Galileo’s experiments of rolling balls on inclined planes gave insight into the mathematical relationship between gravitational force and acceleration. Decartes’s coordinate system helped make sense of the mathematical relationships.

Decartes published his treatise “Discours de la methode” in 1637. In this text he showed the usefulness of his coordinate system, which made possible the use of algebra on geometric objects. Newton, in the process of formulating his laws of motion, used Decartes’s coordinate system to develop calculus.
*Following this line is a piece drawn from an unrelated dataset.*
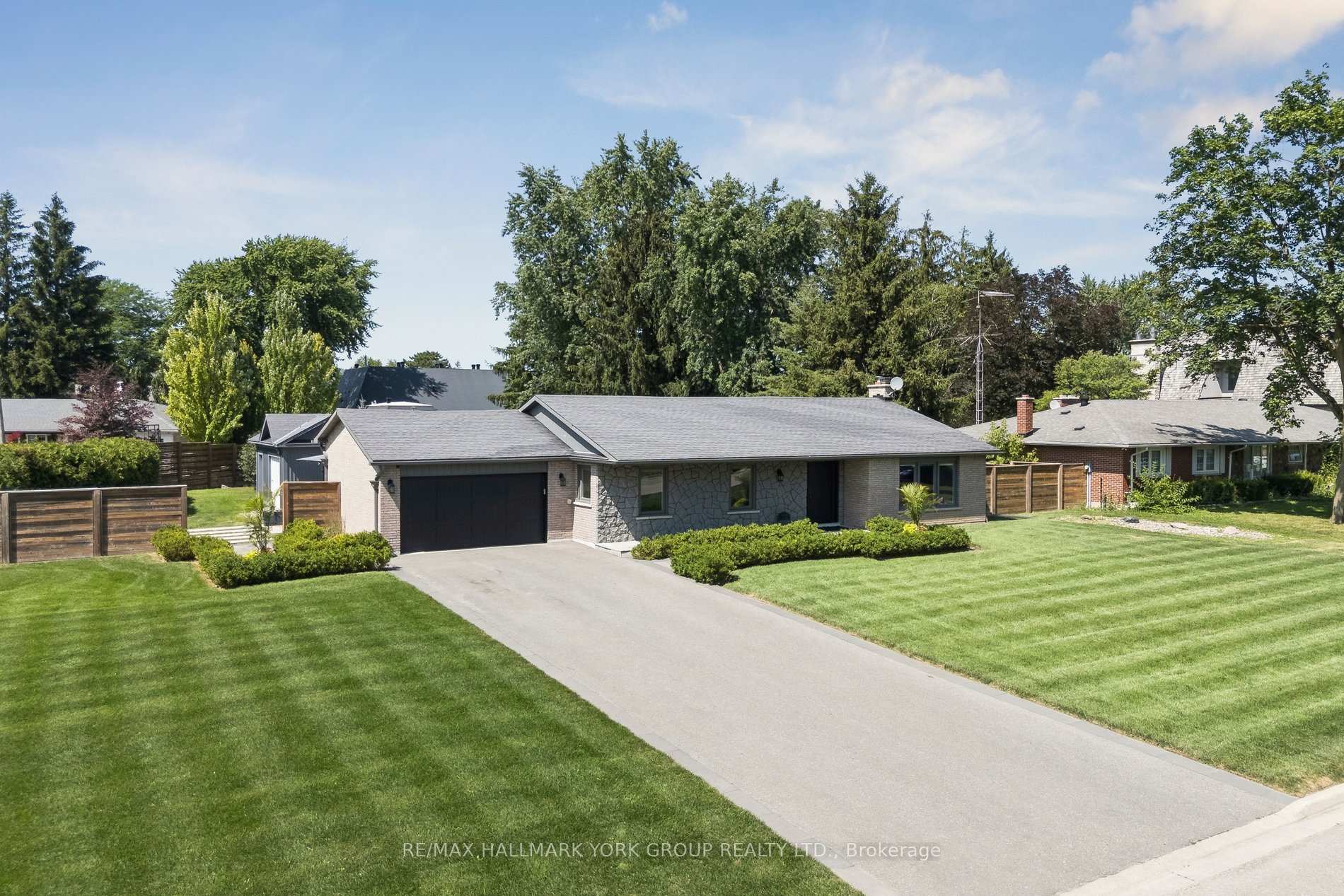 Photo 9 of 256 Banner Lane, King, King City — HOMEH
Galileo had been heavily involved in the study of motion during his time at the university of Pisa (1589-1592). He produced a mechanical calculator for estimating canon ball trajectories. He was also working on a publication on motion during these years named De Motu ( on motion). He never published it and moved on to other ventures such as the motions of Jovian moons which he observed in 1608. Eventually that got him into trouble with the Catholic Church, which condemned him for heresy for his heliocentric views, which he was forced to recant. He was punished with house arrest for the rest of his life, and during this time he published “Discourses on Two New Sciences” (1638) in which he laid out his earlier investigations on the motion of falling objects. This treatise contained his crucial experiment of the rolling ball on an inclined plane. Newton built on the results of this experiment through his insight of universal gravitation.
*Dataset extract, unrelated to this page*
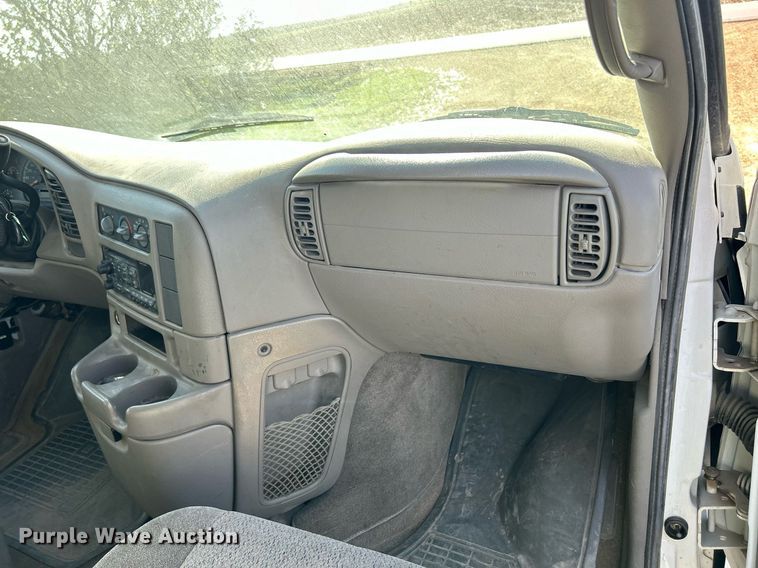 image for item DQ1034 2005 Chevrolet Astro  van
Let’s have a look at this ball rolling down an inclined plane. In the 16th century, Galileo knew that it was impossible to accurately measure objects falling straight down. His insight was to slow falling objects down by rolling balls down an inclined plane. The shallower the plane the slower the movement. He used several tools to measure time intervals. Bells, pendulums and water clocks. What he found was that for equal time intervals the distance travelled by the ball followed a constant factor times the square of the elapsed time.

In formula form:

\begin {aligned} \text{(Distance travelled)} = Constant * (Elapsed \space time)^2 \text{ \space \space Or in more familiar terms \space\space} x=C*t^2 \end{aligned}

Shortly after 1608, Galileo saw the circling moons around the planet Jupiter through the newly invented telescope and started to wonder how it was possible that these bodies of matter could circle indefinitely around the considerably more massive body of the planet without falling and crashing. The same thought applied to the Moon circling the Earth. This was proof that there is a mysterious force keeping moons circling around the more massive planets. And when Galileo saw the phases of the planet Venus, he knew for certain that it moved in front of the earth and closer to the sun in a circular path. This meant that the Earth was circling the Sun, and by extension, that all planets circled the Sun.

Around the same time, Kepler’s dogged pursuit to solve the geometry of our earth and the planets in space, culminated into his tree laws.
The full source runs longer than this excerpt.